Come, quanto e dove hai lavorato all’idea del romanzo Mezzanotte (Castelvecchi Editore 2024) appena approdato in libreria?
Mezzanotte si è preso molto tempo della mia vita, fra tutti è il romanzo che ho impiegato più anni a scrivere. È la storia di un pilota di linea, Comandante Airbus 320, che lavora per una compagnia aerea francese. Il tema dell’aviazione civile ha richiesto un’attività di ricerca poderosa. Ogni fatto sugli aerei raccontato nel romanzo è il risultato di osservazione diretta, oppure dei racconti di addetti ai lavori, piloti e assistenti di volo. Ho scritto ovunque, nelle cabine di pilotaggio, negli aeroporti, nei bar, nelle camere degli hotel. Un romanzo on the road, nel senso che l’ho pensato e scritto mentre ero in viaggio, letteralmente. Per un po’ ho fatto anch’io la vita di Mezzanotte e devo dire che mi sono divertita un sacco.
Ogni scrittore immagina un lettore ideale. O forse no. Per te esiste? Se sì, il tuo lettore ideale come è fatto?
Il mio desiderio è scrivere libri per tutti, impresa ardua, si sa. Scrivere libri per un tipo definito di lettore è più facile, perché si tratta di aderire a un genere, che appunto funziona secondo dinamiche note, e richiede più mestiere che talento. Nei libri per tutti non esistono regole, ci vuole più talento che mestiere. E quindi la sfida è maggiore.
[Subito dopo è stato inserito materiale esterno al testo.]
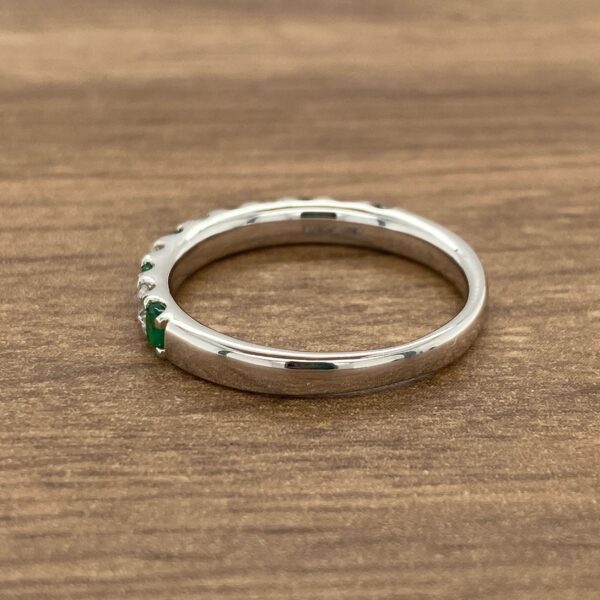 Emerald and diamond wedding band.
Stai già lavorando alla scrittura del tuo prossimo romanzo? Se puoi farlo raccontaci qualcosa di questo tuo nuovo lavoro.
Fino a oggi ho scritto quattro romanzi, tutti con protagonisti maschili. È arrivato il momento di mettere una donna al centro della scena.
Quale tipo di storia non scriveresti mai?
Scriverei qualunque storia, purchè possa farlo a modo mio. In ogni storia c’è una sfumatura o un dettaglio che puoi mettere al centro della narrazione costruendoci intorno la trama. Se parliamo invece di temi che mi piace investigare, preferisco la vendetta al perdono, il rimpianto al rimorso, la lussuria all’amore, la furia all’accettazione. È sempre più interessante raccontare i chiaroscuri piuttosto che i chiari o gli scuri.
Ti andrebbe di raccontarci quanto ti sei allenata, in tutti questi anni, per arrivare ai romanzi, pur partendo – nel tuo apprendistato letterario – dalla forma racconto?
È stato – ed è tuttora – un allenamento semplice: leggere libri e vedere film. Lo faccio da sempre. È così che ho appreso, quasi senza rendermene conto, i fondamenti dello storytelling. A chi vuole scrivere consiglio questo, leggere due libri a settimana e vedere due film al giorno, tutti i giorni, tutte le settimane, tutti i mesi. Non esiste palestra più efficace.
In fondo, alla fine della corsa del vivere quotidiano, tu perché scrivi storie?
Perchè scrivere è ciò che mi riesce meglio. Per fortuna è anche quello che mi rimette ogni giorno in bolla con la vita, così il risultato è duplice, sia utile che dilettevole.
Questo è un mondo dove sembra – ad oggi – aver vinto l’immagine, a discapito della parola scritta. Eppure c’è chi resiste. Ti andrebbe di dirci perché leggi e scrivi libri?
Leggo per dimenticare e scrivo per ricordare. È un processo un po’ virtuoso, un po’ vizioso, che si rigenera all’infinito. Leggendo dimentico tutte le cose a cui non mi piace pensare, invece scrivendo sono costretta a rimetterle in fila una a una guardandole dritto in faccia, tanto quelle cose restano lì che io ci pensi o meno, quindi piuttosto che accettarle preferisco usarle per generare pensieri e idee.